Story of noumena NOUMENA: A THING IN ITSELF, AS DISTINGUISHED FROM A PHENOMENON OR THING AS IT APPEARS.
There is a philosopher in each of us, but it is commonly thought that using our common sense is a philosophical act in itself. But the opposite is really the case. Philosophy that is intuitive is rarely worth reading - it is only intuitive because it is telling us what we want to hear, that we are completely correct as we currently are. That is useless to us and harmful if we take it seriously, since it projects barriers to revising our mistaken beliefs. We can all be better, we can all change.
Each of us has probably asked life's most fundamental questions: What is life? What is my place in it? What choices does this obligate me to make? No one is philosophically perfect. Everyone has places where their views need refinement or revision. It is because of this that we read, and sometimes write, philosophy. I believe that life should be a quest for values, reasons, and purpose—and filled with passion! I am fortunate that I have the opportunity to speak to so many runners as a runner, but I am cautious of the values I am getting people to accept. People may accept things as fact because I am a runner, and I want people to understand that I am a thinker and want people to become thinkers too. My personal goal is to explore how I have come to know myself as a runner. I envisioned this “blog” as a place to write about my values and beliefs about running in hope of refining them, and in turn sharing them with other runners (and thinkers)!
The story of noumena
In critiquing pure reason, Kant conceptualized two realms: noumenal and phenomenal. The noumenal world is that which is thought and is distinguishable from what is perceived by our senses, the phenomenal world.

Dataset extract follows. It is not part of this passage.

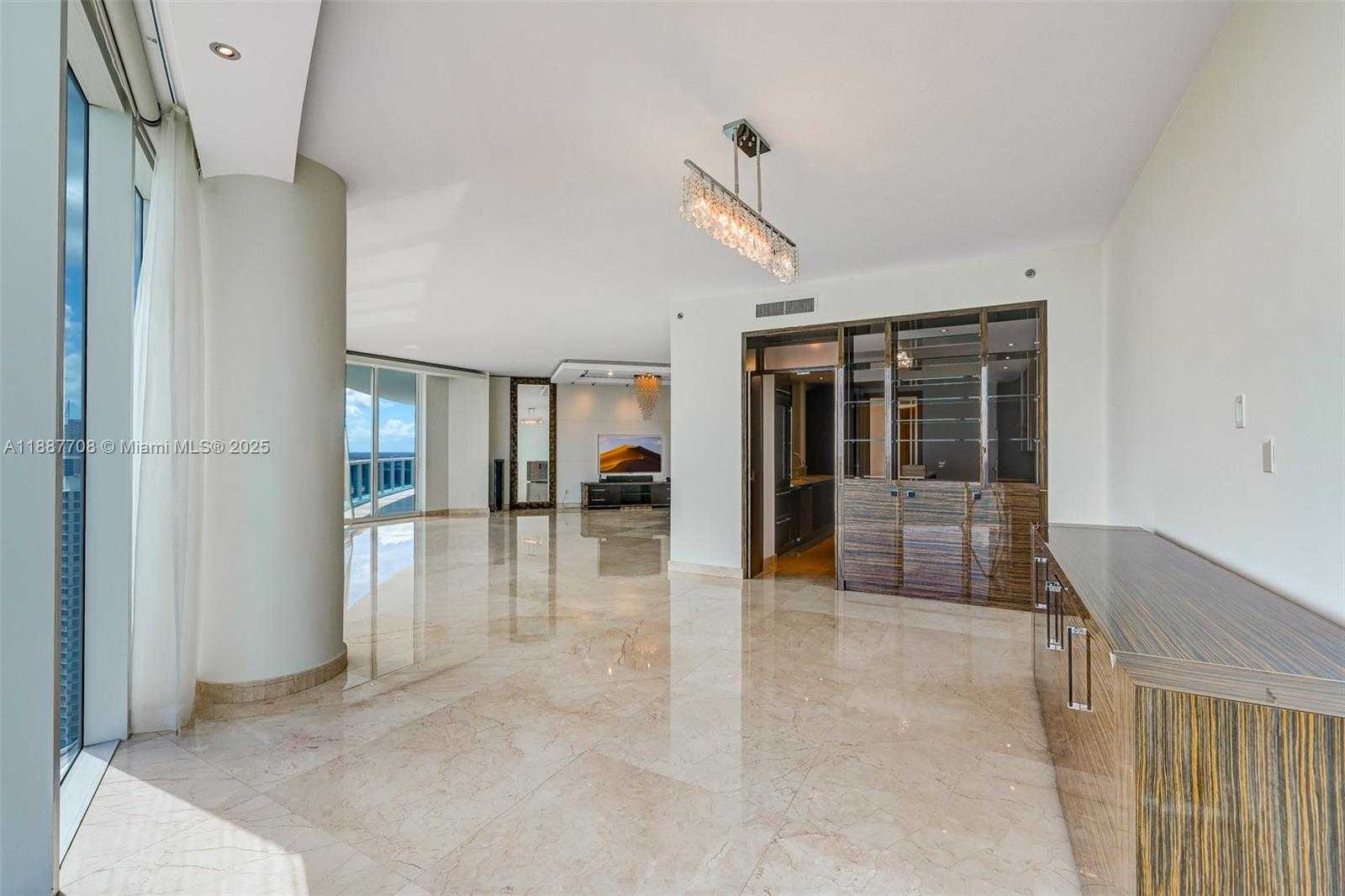 Small Image of 2711 SOUTH OCEAN DR #3705, Hollywood Number 15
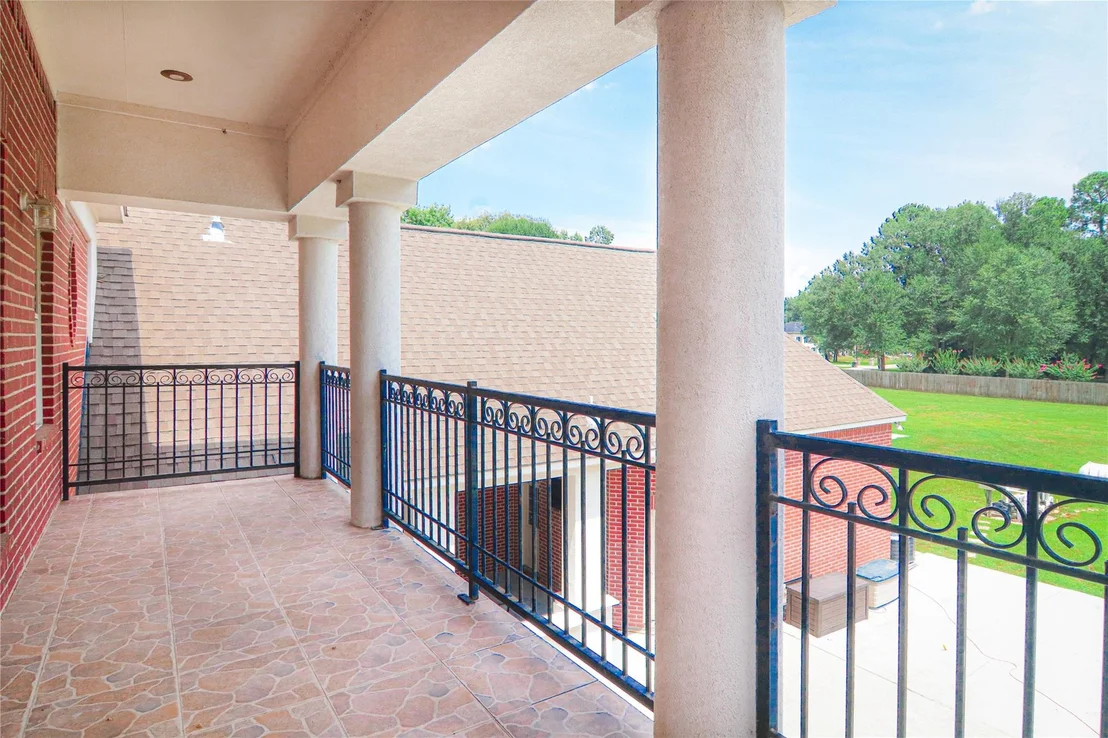 Photo of 19602 Riverwalk Drive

Running is often discussed as a purely phenomenal experience; as bloggers we get ourselves trapped in writing about the regiments of our training and racing, what we eat before/during/after training and racing, and insert captions of our lives to make connections with others. Should all runners blog and tweet? The wired cacophony we endure already competes with knowledge, as we struggle to wade through a growing stream of random conversations about our lives. Noumena, or the mental, is not superior to our experiences, they are interconnected concepts in a philosophical position. Noumena is the thing itself that prevents our simple intuition to be extended to our experiences. I believe that running is more than a bodily experience, and there is more breadth to talk about than how we train and eat. Lost? Good. It is impossible for us to actually visualize or understand our world without senses, but to simplify noumena is what we use to understand why we come to perceive the world in the way we do. Don’t worry, this is not a critique of running, and this is the extent of the philosophical jargon. This is the thinking that goes on behind the words I write on the pages and I am taking responsibility for writing them, and how they may influence our thinking on running.
Our consciousness and physicality are not the same thing
Physical literacy is developed from phenomenological and existential schools of thought. As an existentialist, existence precedes essence. The nature of our being is a result of the accumulated experiences we have in the different environments we inhabit. We are quintessentially beings of the world. As we become familiar with the world about us we also come to realize the wide range of capabilities we have with which we can interact with the world. Interaction is the key to life, the stimulus to our development.
Simone deBeauvoir can be described as one of the most rigorous yet practical philosophical thinkers in modern times. One of the greatest minds in Existentialist thinking, deBeauvoir argued that to be human is to be free. It is not her famous book The Second Sex that I came to admire deBeauvoir, though it was my introduction to her, it is in exploring her works of fiction that I came to understand her ethics, the way in which she lived her life and philosophies, and in particular her political and personal investigation of choice in an absurd world. What is unique to her ideas is the tension between our experience of ourselves as solitary beings while simultaneously being intertwined with others: she explored our embeddedness in the world and our essential relatedness to each other; and she presented the position that we can not act for another nor directly influence their freedom, but we must accept responsibility for the fact that our actions produce the conditions within which the other acts. Her works have given me an ethics of hope.